Please note that these Trac pages are no longer being updated. Wiki contents/documentation have moved to GitHub.

Version 1 (modified by armon, 10 years ago)

First pass at introducing all the Island components

Island / CADET Profiling

An Island is a construct which is based on a VirtualNamespace. It has the additional property that it profiles all of the standard API calls, and provides additional statistical routines to determine various things like time consumed doing certain activities, or the number of files opened, bytes read from a socket, etc.

This is a central component of CADET, since it is utilized to determine the performance characteristics of a program to optimize the host machine selection.



Components

The functionality of the Island is provided across several components. The components and their function are listed below:

  • virt_island.repy : Provides the implementation of the Island class. Evaluating an Island stores its profile information with in the object.
  • island_stats.repy : Provides routines to generate info from an Island. Includes general usage statistics, Island timeline, and time consumption information.
  • stoptime_logger.repy : Logs the time's repy was stopped, and makes the information available. Used by island_stats for time consumption.
  • prgm_stat.repy : Forces a normal repy program to run within an Island, and prints statistics upon termination.

Island Class Implementation Details

The Island class is designed to have a minimal overhead, while still collecting all potentially valuable information for later analysis. Specifically, the Island class tracks all calls to resource consuming API's. The Island maintains usage information about all resources, and for files and sockets it also tracks usage on an individual basis. E.g. One could request the total bytes written to disk, or the bytes written to a specific file.

The Island operates by providing an API which mimics that of the VirtualNamespace. However, when evaluate() is called on a context, all the underlying API calls are wrapped by Island specific implementations which track the resource utilization of the API call. Additionally, the wrapper functions maintain a "timeline" for each thread in the Island. The timeline is a chronologically ordered array of all the "events" in the thread. This includes thread creation, thread destruction, and API calls. When an API which can block or may use variable amounts of resources is called, the Island first registers a "Start API X" call followed by a "API X call" so that it is possible to know the initial TOC, and the "Time of Return". Each event has an associated API, and a resource utilization amount. So, a typical event will be something like : ("file.write", 1.24, 8) which indicates that at 1.24 seconds into the execution a call to file.write returned having wrote 8 bytes. Since the timelines are maintained on a per-thread basis, the Island can avoid locking every call to an API which reduces the overhead.

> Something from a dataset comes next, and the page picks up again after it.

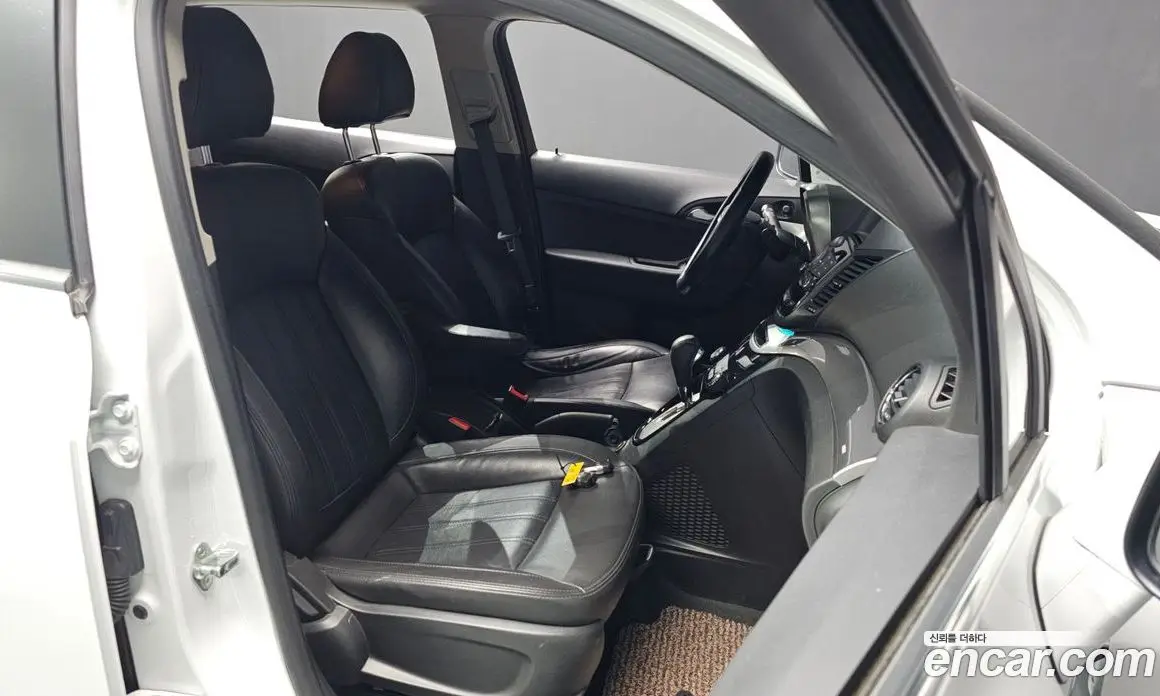 Chevrolet Orlando 2017 1.6 автомат (гидро), фото 11 Chevrolet Orlando 2017 1.6 автомат (гидро), фото 11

Sockets and files have some additional handling which allows them to track usage on the individual level and in the broader global resource usage scope. This is done by wrapping the file and socket objects returned to the program, and including some additional logic on the various function calls.

Island Statistics Implementation Details

The functions in island_stats are directly related to the implementation of the Island class. They are able to parse the internal structures of the Island to provide meaningful data. The basic usage is to simply print information about the island, such as the amount of various resources used, either globally, at a thread level, or at a file and socket level.

There are also functions which will compile the timelines of the individual threads into a single "Island" timeline, which allows for external processing of the activity to extend functionality.

One use of this information is provided by island_stats in the form of time consumption determination. By using the "Island" timeline, it is possible to closely determine how time was utilized in the Island. This is done determining which resources are used by each API, and then using the "Start call X" and "Call X" entries to determine the time spent within each API call. If an API is not being evaluation, then it is assumed that the Island is performing general computation so "cpu" is being consumed. What complicates matters is determining how to compensate for Repy being stopped. When the Island timeline is generated, an entry is inserted for each time that repy is "stopped" by requesting that information from the stoptime_logger module. When we are processing the timeline, if a "Repy Stopped" event is encountered, then we decide how to account for the stoptime. If a thread is sleeping during the stoptime, then the stopping had no effect. As an extension, if the thread is not in an API call, then the stop had the effect of stopping "cpu" consumption for the stoptime and increasing the amount of time a thread was in the "stopped" state. The complicated situation is when a thread is stopped within an API call. To handle this, we determine the "expected time" of the API, which is based on the current resource utilization and the amount of resources used by the API. E.g. if we are allowed to write 10 bytes per second to disk, and we are stopped on a call which writes 20 bytes, we expect that call to take 2 seconds. If we compare the actual time of the call ("Time of Return" - "Time of Call") to the expected time, and determine that the actual time >= expected time + stoptime, then we assume that the stopping had an effect of the time spent, so we discount that time from the resource utilization and count it again time which is stopped.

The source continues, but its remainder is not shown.